June 29 (Bloomberg) -- Florida, where legislators and Governor Rick Scott closed a $3.8 billion 2012 budget deficit last month, will join at least 16 other U.S. states increasing retirement costs for public workers.
Government staffers must pay 3 percent of salaries to their retirements under the Florida law, effective July 1, saving the state, counties, school systems, public colleges, universities and other entities $2 billion next year, Scott said last week.
Arizona, New Mexico and California also raised or imposed employee-pension contributions in the past two years, said Keith Brainard, research director of the National Association of State Retirement Administrators. New Jersey Governor Chris Christie signed such legislation yesterday. They acted after market declines depleted pension assets and tax revenue stagnated in the longest recession since World War II.
“States are making changes to pension-benefit levels, contribution requirements or both,” Brainard said in an e-mail. Utah, Connecticut, Tennessee and Oregon are the only ones that don’t require worker payments, he said.
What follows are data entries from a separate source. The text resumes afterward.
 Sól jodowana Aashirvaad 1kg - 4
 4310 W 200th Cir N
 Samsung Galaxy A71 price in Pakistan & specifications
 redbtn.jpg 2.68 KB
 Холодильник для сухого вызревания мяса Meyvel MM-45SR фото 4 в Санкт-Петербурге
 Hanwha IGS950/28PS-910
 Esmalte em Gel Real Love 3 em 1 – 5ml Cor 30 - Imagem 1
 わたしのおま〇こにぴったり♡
Employee contributions will help New Jersey shore up its pension, which is among those nationwide with liabilities exceeding assets by almost $480 billion in 2010, according to data compiled by Bloomberg in April. The payments will assist Florida in closing its deficit, part of the $103 billion of gaps states face in fiscal 2012, according to a report yesterday from the Center on Budget and Policy Priorities, which studies issues affecting low- and moderate-income families.
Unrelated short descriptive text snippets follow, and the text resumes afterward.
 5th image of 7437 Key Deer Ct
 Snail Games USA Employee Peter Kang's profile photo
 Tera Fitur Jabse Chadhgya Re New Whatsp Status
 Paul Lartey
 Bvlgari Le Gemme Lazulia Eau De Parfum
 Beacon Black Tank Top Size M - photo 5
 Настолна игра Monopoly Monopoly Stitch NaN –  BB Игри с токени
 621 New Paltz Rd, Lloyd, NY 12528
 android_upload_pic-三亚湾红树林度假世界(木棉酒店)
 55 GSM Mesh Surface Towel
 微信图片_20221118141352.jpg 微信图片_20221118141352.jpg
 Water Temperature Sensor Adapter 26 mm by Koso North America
Florida counties will be relieved of almost $600 million of expenses by the new law. Miami-Dade, largest of the 67, will save $114 million, according to a June 6 report, as it works to close a budget gap estimated in December at $258 million. Costs will fall $14.2 million in Hillsborough County, which is moving after-school programs to outside providers to save money.
“With local budgets as tight as they’ve been, any savings are no longer marginal,” said Cragin Mosteller, the spokeswoman for the Florida Association of Counties.
Governor Scott, a first-term Republican, had called for workers to contribute 5 percent of their salaries. The Legislature backed the 3 percent payment, which Scott accepted when he signed a $69.1 billion 2012 budget in May.
“Without reform, Florida’s government pensions and retirement system put a heavy burden on our state’s taxpayers,” he said in a June 23 statement. The employee payments, plus curbs to cost-of-living increases and extended retirement dates for new workers, will save the state $356.8 million, he said.
The new rules cover state and municipal employees in the $131 billion Florida Retirement System, the fourth-largest U.S. public plan with about 900,000 active and retired participants.
In addition to saving money for the state and counties, the law will lower costs for Florida public colleges and universities by $123 million, according to the governor. Local school districts will save $819 million, prompting a suit from the Florida Education Association, which likened the contribution requirement to a salary reduction.
“This pay cut was used by legislative leadership to make up a budget shortfall on the backs of teachers, law-enforcement officers, firefighters and other state workers,” Andy Ford, president of the union, said in a statement. Florida “may not unilaterally change the covenant it made with current employees,” Ford said.
Localities that don’t participate in the state retirement system have taken their own actions to reduce pension costs as their main source of revenue -- property taxes -- has shrunk with declining home values.
The city of Miami, which has its own pension and faces a 2012 budget deficit of about $54 million, reduced retirement costs by $43.3 million last year after imposing benefit reductions on police, firefighters and other city employees by declaring a “financial urgency” under state law.
Real-estate-tax collections by U.S. local governments in the first three months of the year fell 1.7 percent, the Census Bureau reported yesterday, the second straight quarterly decline. That’s as property values in 20 cities fell 4 percent in the year ended in April, the most in 17 months, according to the S&P/Case-Shiller Index released yesterday.
Atlanta’s City Council began discussing a proposal last week to save $215 million over the next decade by increasing employee contributions to the pension to 13 percent of salary from 8 percent. The nation’s ninth-most-populous city has a $1.5 billion gap between pension assets and obligations, Chief Operating Officer Peter Aman said last week.
In Florida, real-estate values have fallen 28 percent from their peak in 2007, according to the Legislature’s research office. That means even with savings from new pension rules, spending cuts will still be needed in places like Miami-Dade County.
“While the gap is smaller than we projected in our five-year financial forecast, it remains daunting,” said County Manager Alina Hudak. “Balancing this year’s budget will almost certainly require a combination of cutting our workforce -- and the services it provides -- and reducing the compensation to those who remain.”